Records provided:
——

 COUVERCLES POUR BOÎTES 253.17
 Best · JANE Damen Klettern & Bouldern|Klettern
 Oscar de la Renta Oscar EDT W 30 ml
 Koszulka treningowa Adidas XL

——

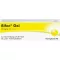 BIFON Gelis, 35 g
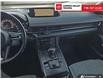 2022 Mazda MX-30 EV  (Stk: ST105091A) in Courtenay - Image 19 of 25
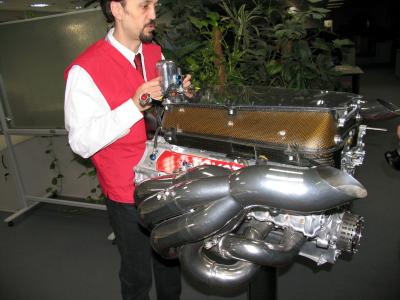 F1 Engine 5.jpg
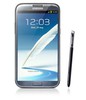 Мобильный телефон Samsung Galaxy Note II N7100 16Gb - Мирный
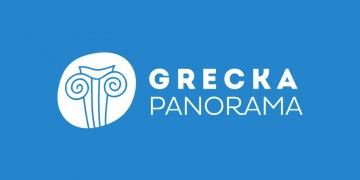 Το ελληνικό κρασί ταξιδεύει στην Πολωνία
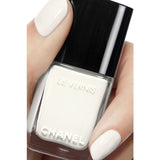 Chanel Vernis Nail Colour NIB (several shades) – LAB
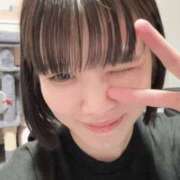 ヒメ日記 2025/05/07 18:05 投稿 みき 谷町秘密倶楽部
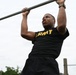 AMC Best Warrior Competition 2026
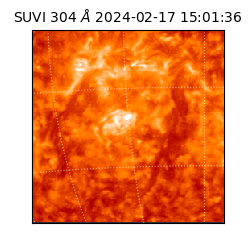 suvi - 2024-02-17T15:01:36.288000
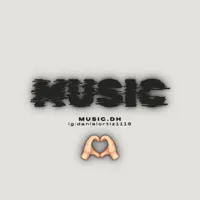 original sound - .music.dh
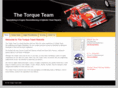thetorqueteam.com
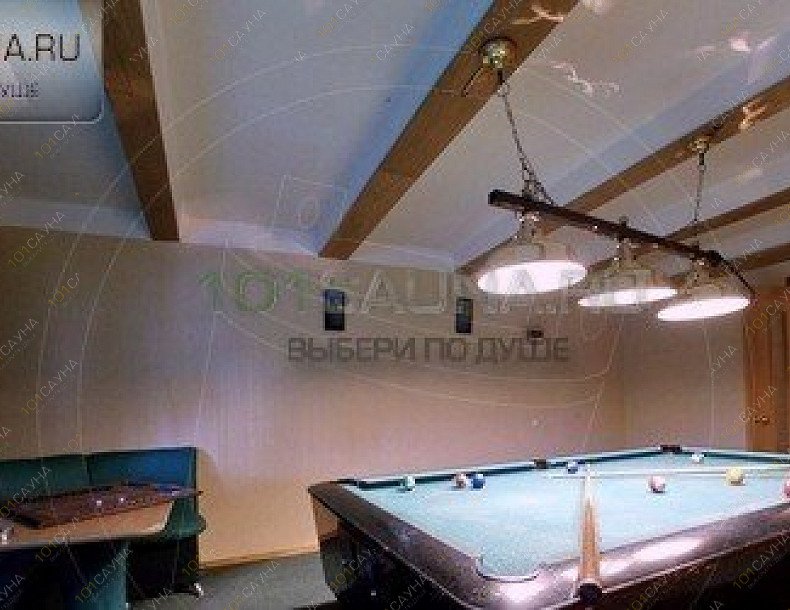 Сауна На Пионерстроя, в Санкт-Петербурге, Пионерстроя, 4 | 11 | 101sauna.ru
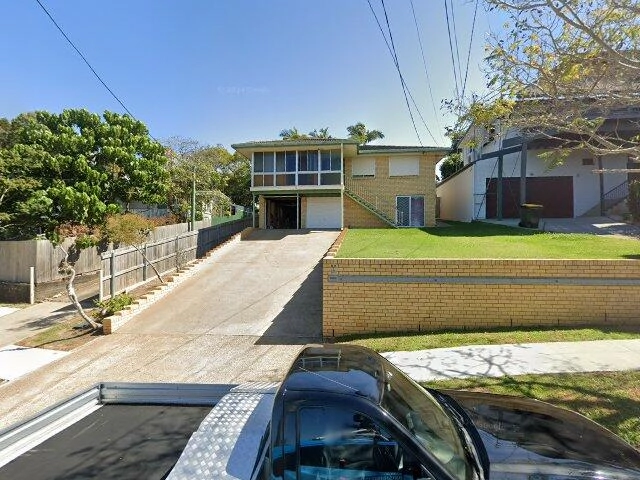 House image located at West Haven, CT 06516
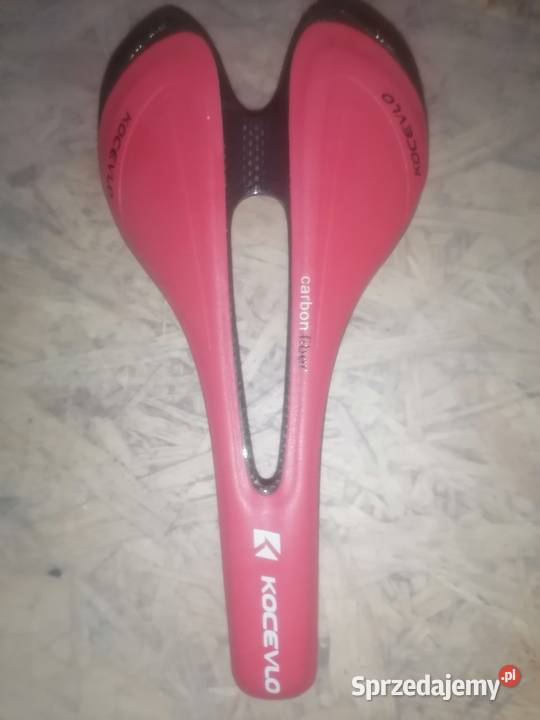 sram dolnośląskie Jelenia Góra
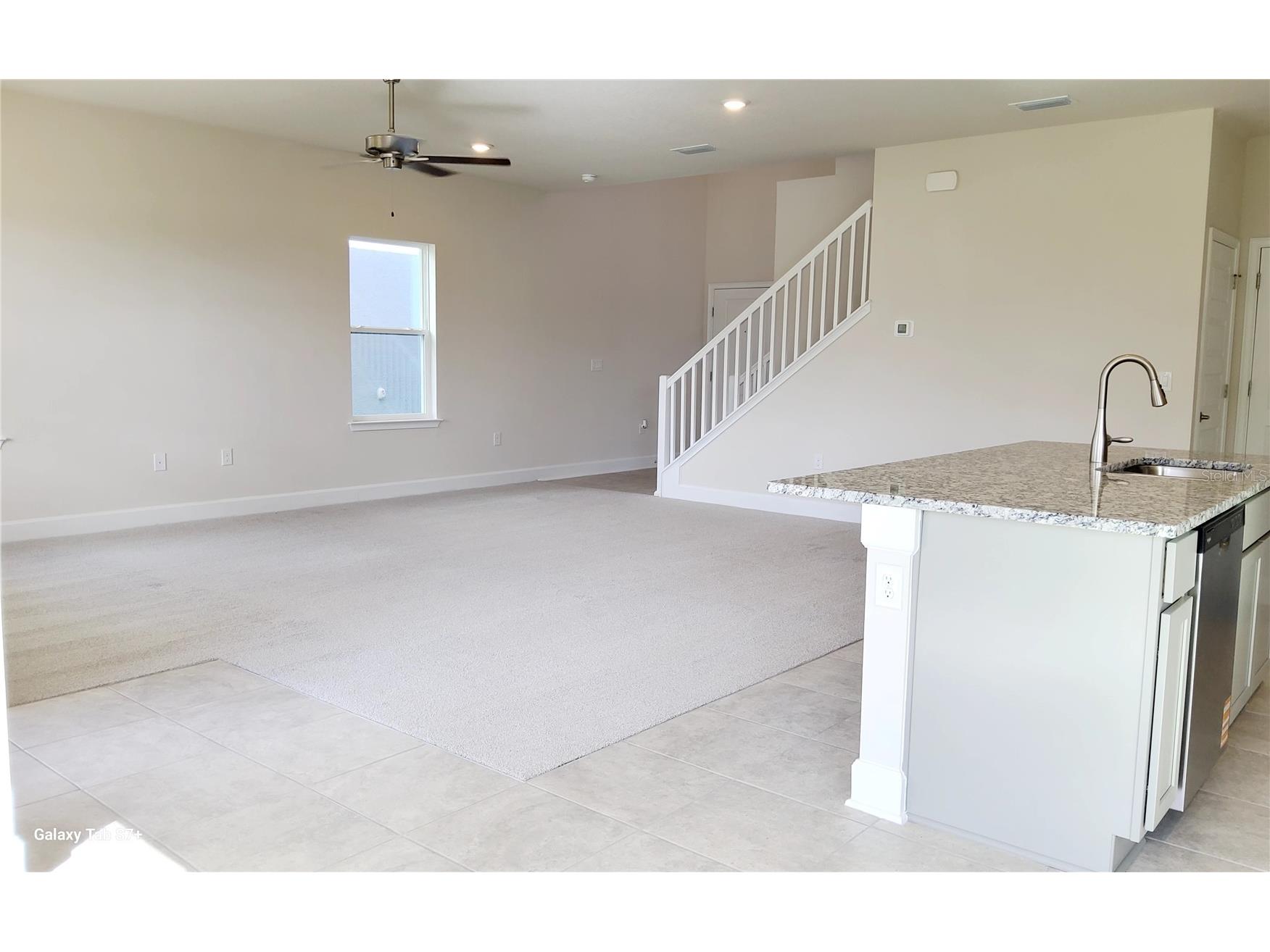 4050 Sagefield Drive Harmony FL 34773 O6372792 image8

——

Task objective: Copy exactly, without pictures, the lines above from the one with "suvi - 2024-02-17T15:01:36.288000" down to the one with "4050 Sagefield Drive", inclusive.

Answer for this exercise:
 suvi - 2024-02-17T15:01:36.288000
 original sound - .music.dh
thetorqueteam.com
 Сауна На Пионерстроя, в Санкт-Петербурге, Пионерстроя, 4 | 11 | 101sauna.ru
 House image located at West Haven, CT 06516
 sram dolnośląskie Jelenia Góra
 4050 Sagefield Drive Harmony FL 34773 O6372792 image8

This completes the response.